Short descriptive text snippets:
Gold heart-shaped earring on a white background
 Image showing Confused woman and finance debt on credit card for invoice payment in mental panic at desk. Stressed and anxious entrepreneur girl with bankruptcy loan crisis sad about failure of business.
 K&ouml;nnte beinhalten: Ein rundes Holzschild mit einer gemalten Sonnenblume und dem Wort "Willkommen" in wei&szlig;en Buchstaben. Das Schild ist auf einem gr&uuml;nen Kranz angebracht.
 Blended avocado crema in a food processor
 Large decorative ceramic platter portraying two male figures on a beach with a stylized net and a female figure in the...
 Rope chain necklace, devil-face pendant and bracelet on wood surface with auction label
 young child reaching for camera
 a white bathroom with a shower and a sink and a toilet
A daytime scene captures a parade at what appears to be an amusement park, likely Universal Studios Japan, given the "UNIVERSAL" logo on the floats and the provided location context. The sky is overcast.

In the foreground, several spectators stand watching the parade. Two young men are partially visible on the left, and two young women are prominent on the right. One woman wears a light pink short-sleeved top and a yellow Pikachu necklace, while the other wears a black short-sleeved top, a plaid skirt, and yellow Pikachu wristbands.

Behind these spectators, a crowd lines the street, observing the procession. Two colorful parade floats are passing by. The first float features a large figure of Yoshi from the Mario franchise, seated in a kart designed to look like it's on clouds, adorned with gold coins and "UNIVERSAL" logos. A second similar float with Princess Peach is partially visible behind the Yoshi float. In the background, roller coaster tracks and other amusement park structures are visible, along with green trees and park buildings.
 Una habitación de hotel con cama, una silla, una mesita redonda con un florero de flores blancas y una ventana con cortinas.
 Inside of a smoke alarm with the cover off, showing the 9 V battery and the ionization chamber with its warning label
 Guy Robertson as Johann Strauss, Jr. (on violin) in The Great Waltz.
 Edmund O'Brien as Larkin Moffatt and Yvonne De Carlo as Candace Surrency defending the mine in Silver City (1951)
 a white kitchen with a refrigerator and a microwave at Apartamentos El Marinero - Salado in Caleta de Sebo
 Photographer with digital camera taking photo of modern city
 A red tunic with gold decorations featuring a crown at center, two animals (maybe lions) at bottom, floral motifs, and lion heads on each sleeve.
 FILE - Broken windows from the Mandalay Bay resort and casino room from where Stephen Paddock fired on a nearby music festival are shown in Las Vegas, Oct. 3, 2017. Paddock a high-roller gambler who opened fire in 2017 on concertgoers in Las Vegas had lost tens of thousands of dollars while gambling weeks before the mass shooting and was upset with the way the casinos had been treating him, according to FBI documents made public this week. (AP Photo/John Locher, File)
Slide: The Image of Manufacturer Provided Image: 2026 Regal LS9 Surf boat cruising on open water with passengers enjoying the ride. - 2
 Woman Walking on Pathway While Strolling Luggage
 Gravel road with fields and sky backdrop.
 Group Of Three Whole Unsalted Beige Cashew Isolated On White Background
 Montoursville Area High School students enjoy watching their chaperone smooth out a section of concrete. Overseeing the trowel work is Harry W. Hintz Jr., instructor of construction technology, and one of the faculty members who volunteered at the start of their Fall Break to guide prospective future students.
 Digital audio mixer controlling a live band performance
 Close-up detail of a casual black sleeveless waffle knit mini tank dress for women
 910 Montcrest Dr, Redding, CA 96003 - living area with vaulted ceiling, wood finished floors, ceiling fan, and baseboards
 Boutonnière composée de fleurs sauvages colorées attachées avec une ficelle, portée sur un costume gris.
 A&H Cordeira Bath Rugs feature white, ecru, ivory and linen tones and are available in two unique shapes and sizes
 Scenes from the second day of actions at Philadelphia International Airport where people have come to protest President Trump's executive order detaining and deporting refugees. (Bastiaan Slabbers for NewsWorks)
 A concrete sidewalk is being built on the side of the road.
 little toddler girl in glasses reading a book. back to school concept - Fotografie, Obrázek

Exercise aim:
Of the lines above, output exactly those from the line bearing "Una habitación de" through the line bearing "Inside of a", inclusive.

Task output:
 Una habitación de hotel con cama, una silla, una mesita redonda con un florero de flores blancas y una ventana con cortinas.
 Inside of a smoke alarm with the cover off, showing the 9 V battery and the ionization chamber with its warning label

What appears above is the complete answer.